Credential harvesting page
Researchers at Forcepoint X-Labs have recently identified a clever phishing campaign targeting everyday consumers by impersonating the global logistics giant, DHL. Unlike high-level corporate espionage, this “lightweight” attack focuses on individuals, using psychological manipulation rather than technical complexity to harvest passwords.
The campaign is defined by an 11-step attack chain designed to move a victim from a spoofed email to a final credential theft while systematically lowering their guard.
The attack begins with an email that looks like a standard DHL shipment notice, often with the subject line “DHL EXPRESS WAYBILL CONFIRMATION REQUIRED”.
While the email uses official branding, researchers pointed out a glaring technical mismatch: “The email uses the display name DHL EXPRESS, but the envelope/from domain is cupelva[.]com”. Interestingly, the message often passes DKIM authentication checks for the attacker’s domain, which can trick automated filters into thinking the email is legitimate.
Once a victim clicks the link, they aren’t immediately asked for a password. Instead, they face a “parcel-themed OTP interface”. This is where the deception deepens. The page generates a six-digit code locally using simple JavaScript—meaning there is no real server-side verification happening. As the report notes: “The victim is being asked to repeat a number already displayed on the screen”.
This step serves three psychological purposes:
- Creates an illusion of security.
- Builds user trust by making the process feel like a natural, multi-step workflow.
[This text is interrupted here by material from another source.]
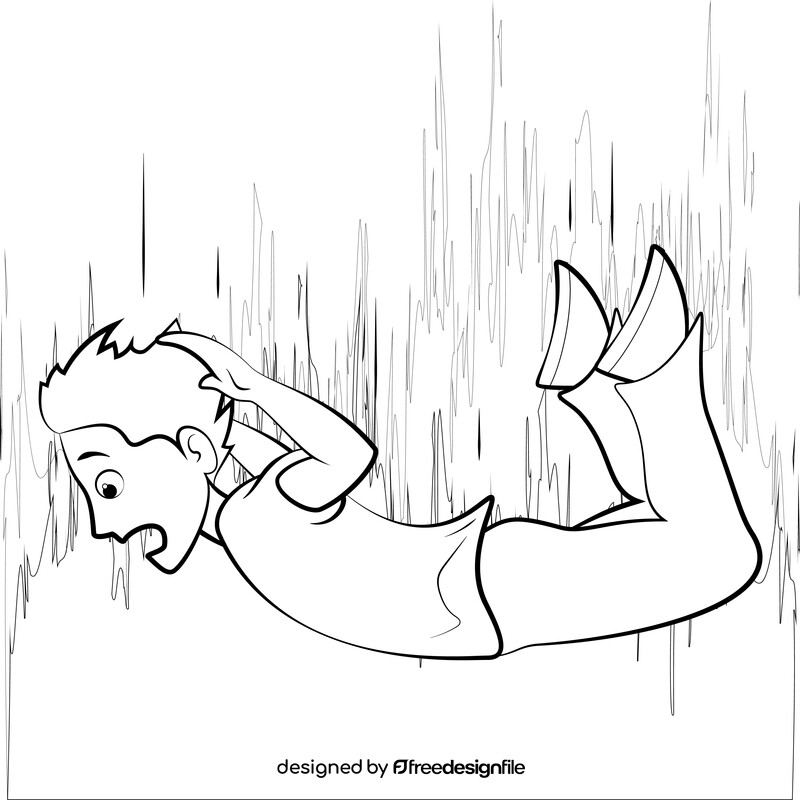 Fall down drawing black and white vector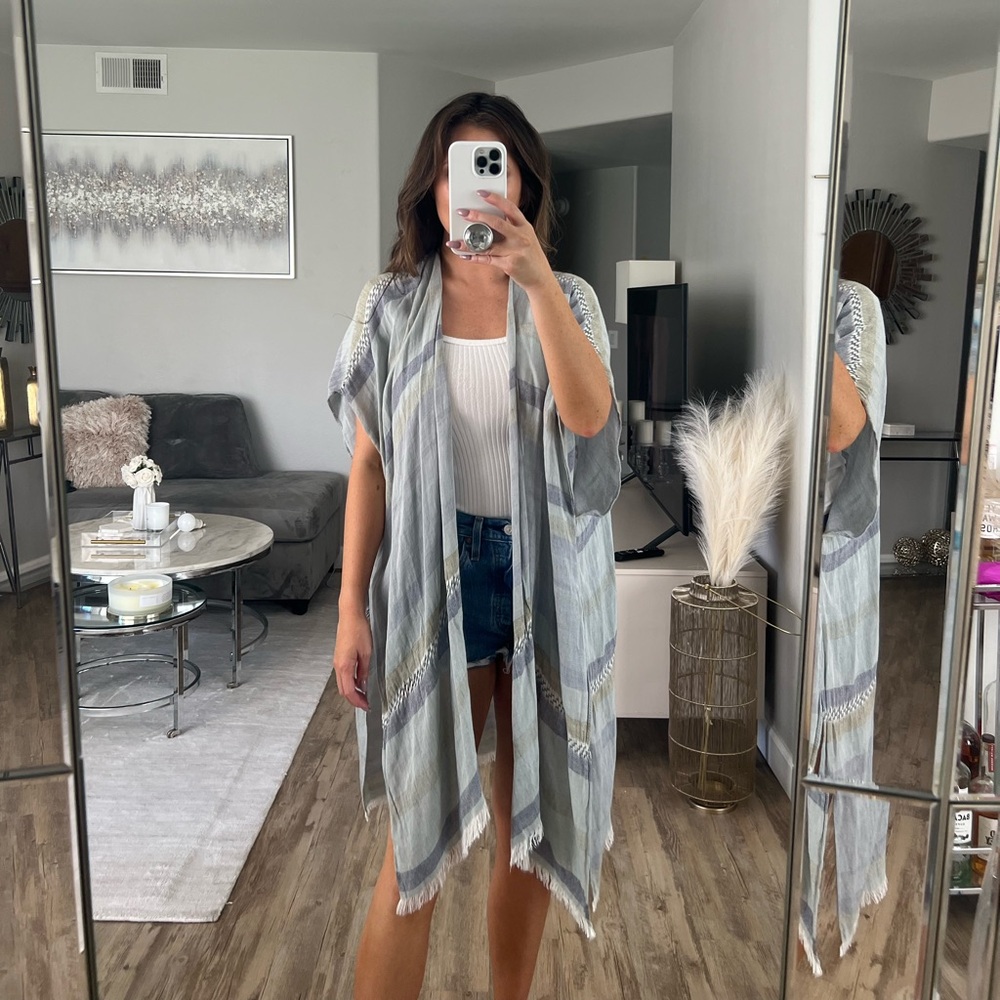 LoveStitch Vici Women's Kimono Shawl Stripe Blue Green Cream One Size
- The page waits two seconds before showing the OTP to “mimic processing,” a classic social engineering trick to reinforce the illusion of a working system.
After the “verification” is complete, the victim is redirected to a DHL-branded login page. To make it more convincing, the kit uses URL-based identity handling to carry the victim’s email address forward so it is pre-filled on the login screen. The only thing the user needs to enter is their password. Before the data is sent to the attacker, the kit collects victim telemetry, including:
- Public IP address and geolocation (City, Region, Country).
- Device fingerprinting (OS, browser type, and hardware).
- Timestamp and the specific tracking number used in the lure.
To keep infrastructure costs low and avoid detection, the attackers use EmailJS, a legitimate client-side service, to ship the stolen data directly to a mailbox: slatty077@tutamail[.]com. Finally, the victim is redirected to the real dhl.com website. This “closes the loop,” leaving the victim believing the login worked and reducing the chance they will immediately report the incident.
This campaign proves that phishing doesn’t need to be high-tech to be effective. As Forcepoint X-Labs concludes, “The OTP page builds trust. The credential harvesting page spends it”.